- The sculpture in 2018
- Artist: Carl Faehnle
- Year: 1991
- Medium: Granite sculpture
- Location: Columbus, Ohio, United States
- 39°57′50″N 83°00′23″W﻿ / ﻿39.964012°N 83.00636°W

= Arvin J. Alexander Memorial =

Sculpture in Columbus, Ohio, U.S.

The Arvin J. Alexander Memorial is a 1991 memorial commemorating the lawyer and politician of the same name by Carl Faehnle, installed in Columbus, Ohio's Alexander AEP Park, in the United States.

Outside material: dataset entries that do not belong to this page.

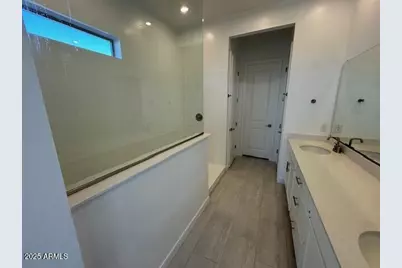 10218 S 21st Drive, Phoenix, AZ 85041 - Photo 21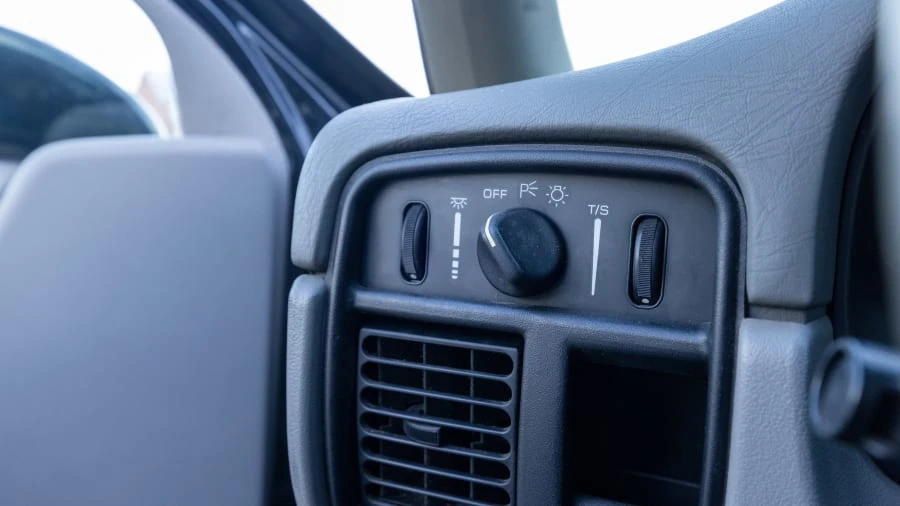 1994 Chevrolet Impala 7th Gen - Image 24 of 31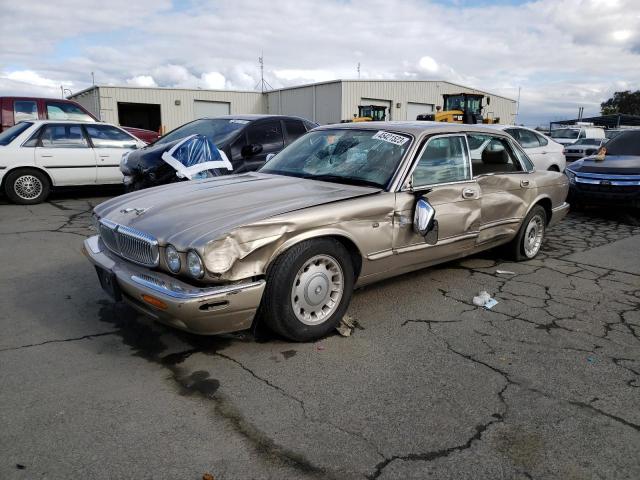 JAGUAR VANDENPLAS 2000 with VIN SAJDA24C2YLF15739 - Photo from auction
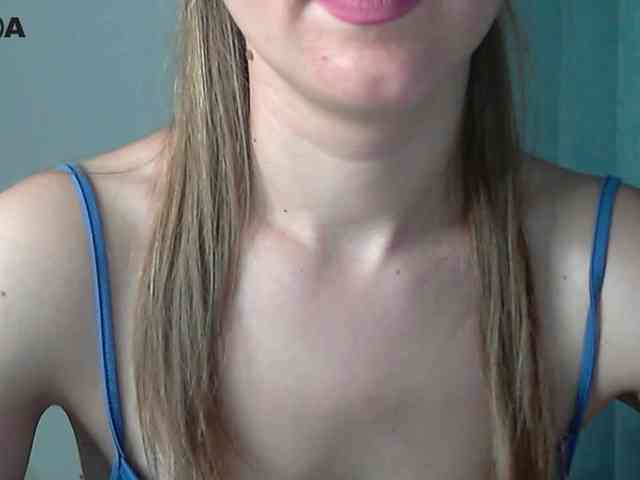 Lolakisss webcam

==Description and history==
The abstract pink granite memorial features three angular elements, one of which has a metal plaque with the inscription:
ALEXANDER PARK / THIS PARK IS / DEDICATED TO / ARVIN J. ALEXANDER / 1909–1984 / TO HONOR AND PRESERVE THE MEMORY OF A COMPLETE AND TRUE FRIEND OF COLUMBUS, DISTINGUISHED LAWYER AND PRESIDENT OF CITY COUNCIL HE WORKED UNCEASINGLY AND SELFLESSLY TO PROMOTE THE BEST INTERESTS OF HIS BELOVED CITY BY GENERATING RESPECTFUL, NON-PARTISAN CONSENSUS. DETERMINED MAN OF VISION, ARVIN ALEXANDER TYPIFIED THE SPIRIT OF COLUMBUS. DONATED BY THE AMERICAN ELECTRIC POWER AND COLUMBUS SOUTHERN POWER

The geometric sculpture measures approximately 8 ft x 3.5 ft x 8 in, and rests on a concrete base approximately 3 ft wide with a diameter of 18 in. The center element is polished and the other two have a matte finish.

The piece was surveyed by the Smithsonian Institution's "Save Outdoor Sculpture!" program in 1992.